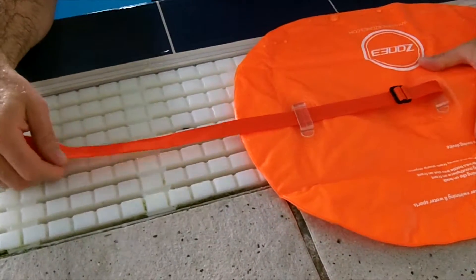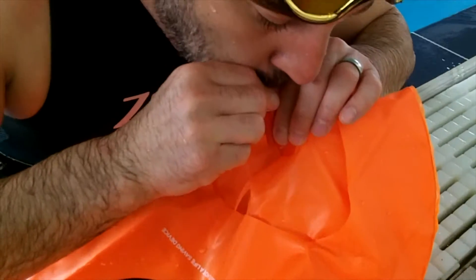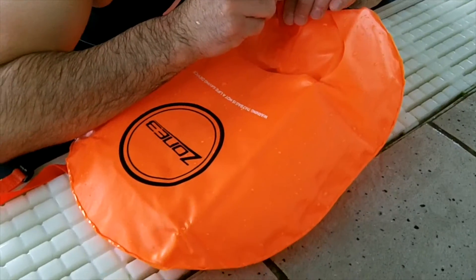Once inflated, Dubois forms a shape in the centre suitable for a 750ml to 1 litre drinks bottle and has a half cover to allow a snug fit.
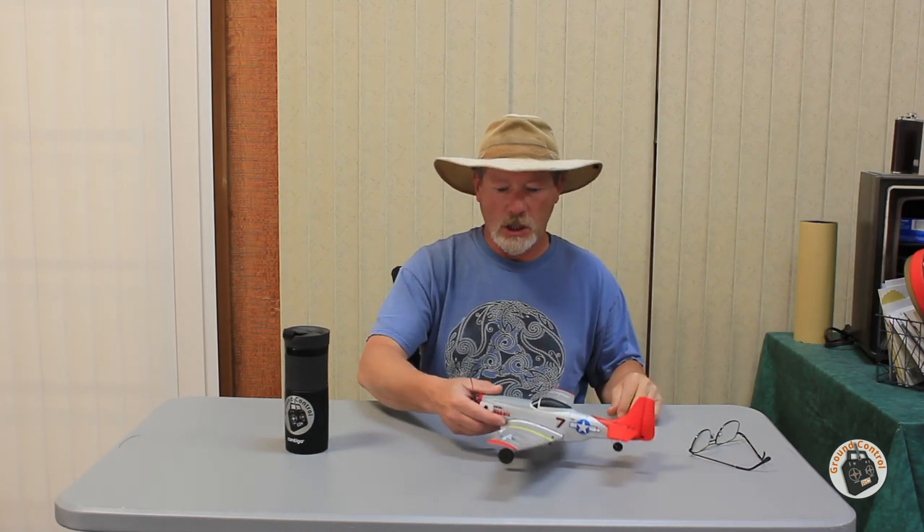What did you guys think of the performance of this 1S brushless P51 Mustang? That was absolutely awesome. This is another project that has surpassed my expectations — both on performance and on battery efficiency. I couldn't believe that after over a five-minute flight I still had four volts in the LiPo. I don't have an accurate way of measuring amp draw on a 1S system, so I had no idea what to expect for efficiency. Both the power output and the efficiency beat my expectations.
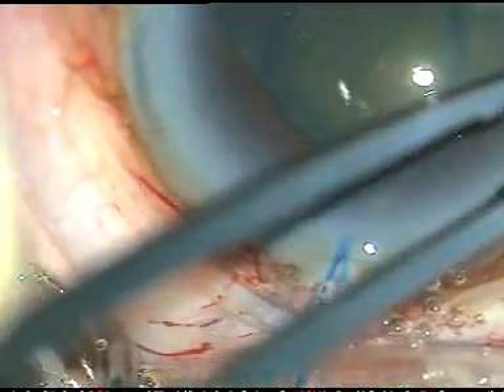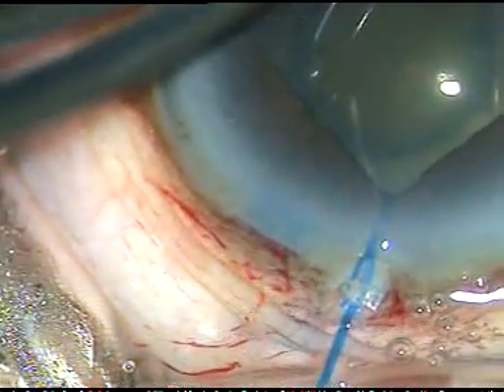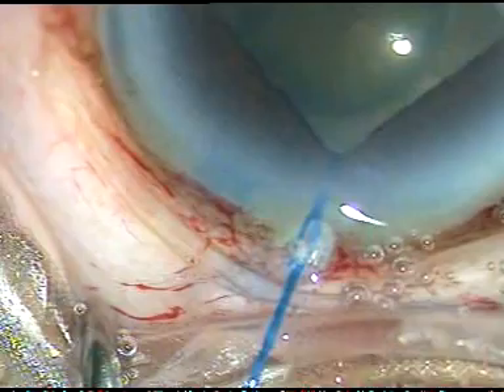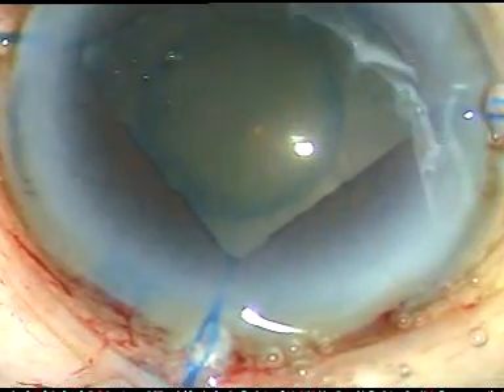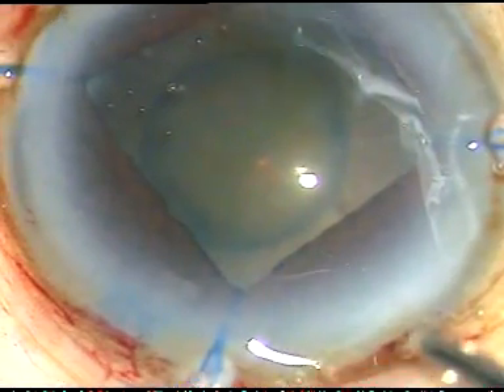Pull the hooks and see how much dilatation you can get. In this case, the pupil has been dilated very well — about 6.5 to 7 millimeters.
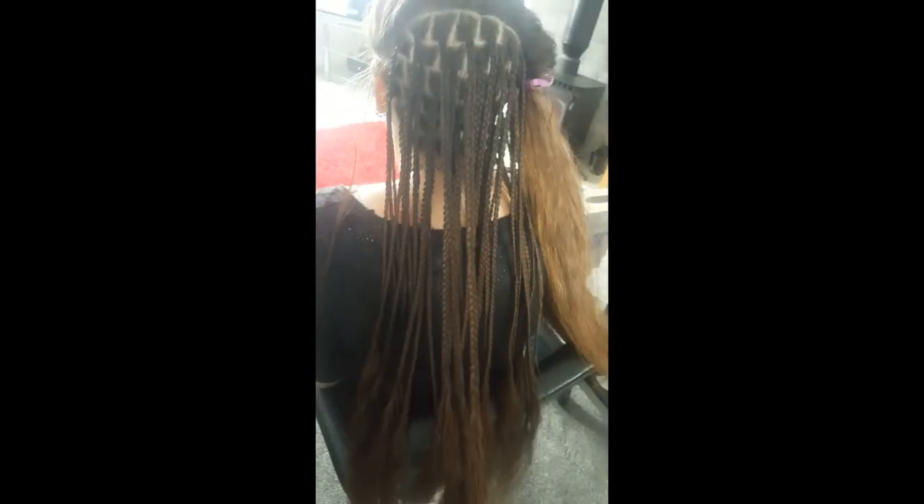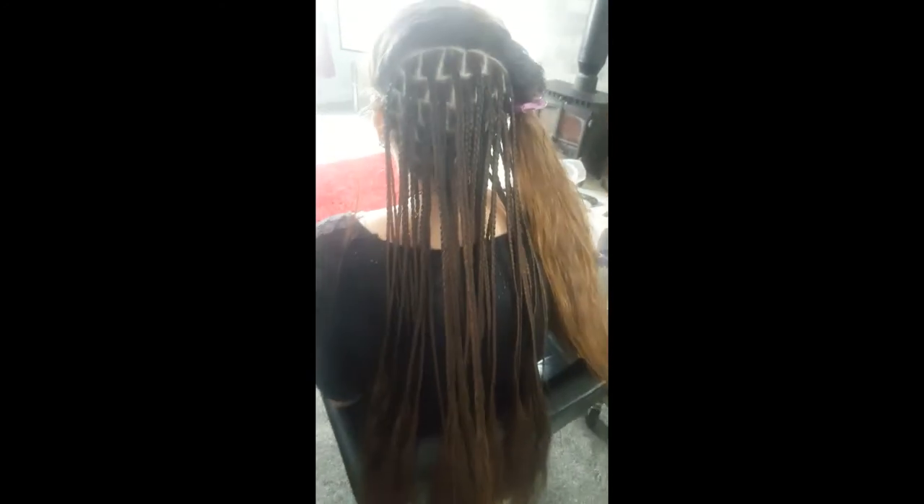Absolutely beautiful, look at that. I'll show you when we've finished the front bit, how it's going to come out. If you like the video, give it a thumbs up and share it. If you know somebody with this beautiful long hair, we'll do it in this nice bricklayer box braids style — and there we go!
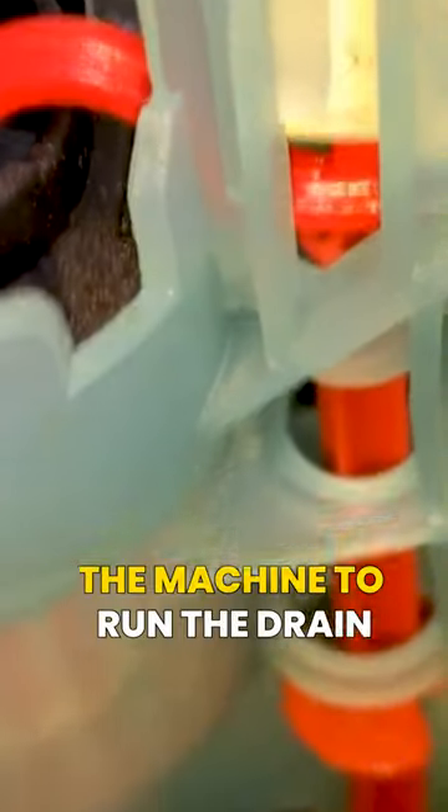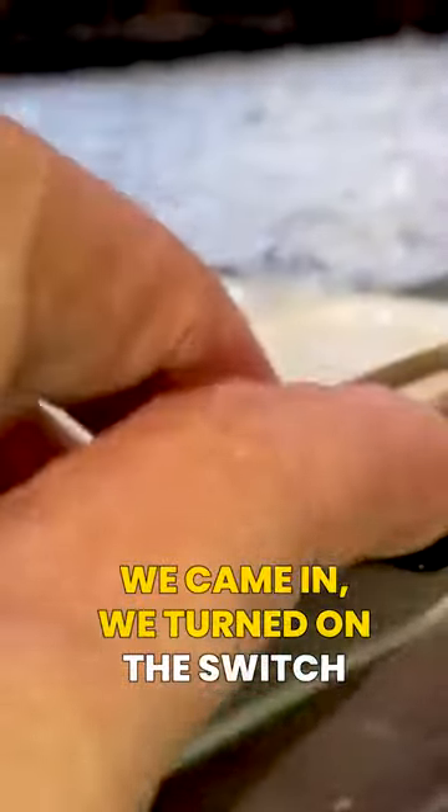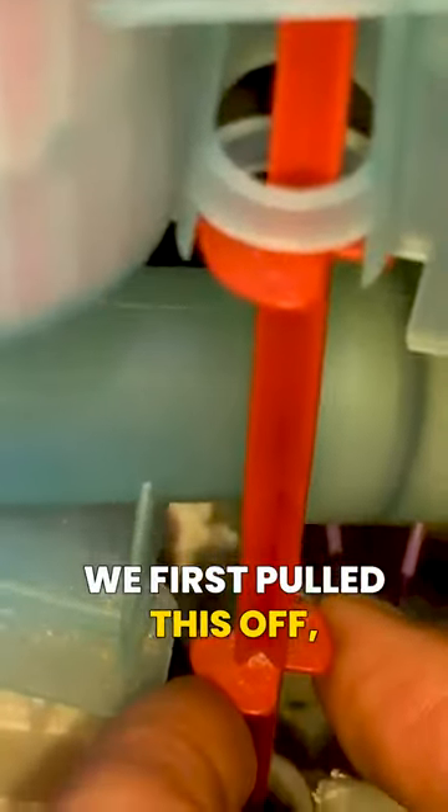This trips the machine to run the drain pump only whenever power is on, so that's what they were getting. We came in, turned on the switch — you're going to hear a little hum. Here's what we actually found when we first pulled this off: the float was stuck up, and you can hear the drain pump running. This is simulating a flood condition, and this is what was happening before with all the debris caught underneath that float.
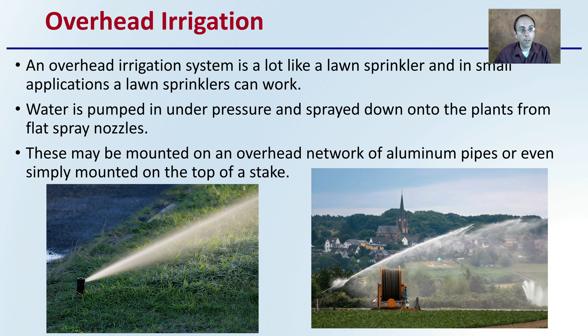Overhead irrigation is a system that's a lot like a lawn sprinkler, and in small applications lawn sprinklers can do just fine. Water is pumped under pressure and sprayed down onto the plants via a flat spray nozzle — that can be very small or used in very large applications. It may be mounted as part of an overhead network of aluminum pipes or simply mounted on top of a stake, depending on the size of the operation.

**Exercise**
In the records above, everything from the line with "What did you" down to the line with "Pull the hooks" is to be set down exactly, both ends included, with no pictures and no other lines.

**Answer space**
What did you guys think of the performance of this 1S brushless P51 Mustang? That was absolutely awesome. This is another project that has surpassed my expectations — both on performance and on battery efficiency. I couldn't believe that after over a five-minute flight I still had four volts in the LiPo. I don't have an accurate way of measuring amp draw on a 1S system, so I had no idea what to expect for efficiency. Both the power output and the efficiency beat my expectations.
Pull the hooks and see how much dilatation you can get. In this case, the pupil has been dilated very well — about 6.5 to 7 millimeters.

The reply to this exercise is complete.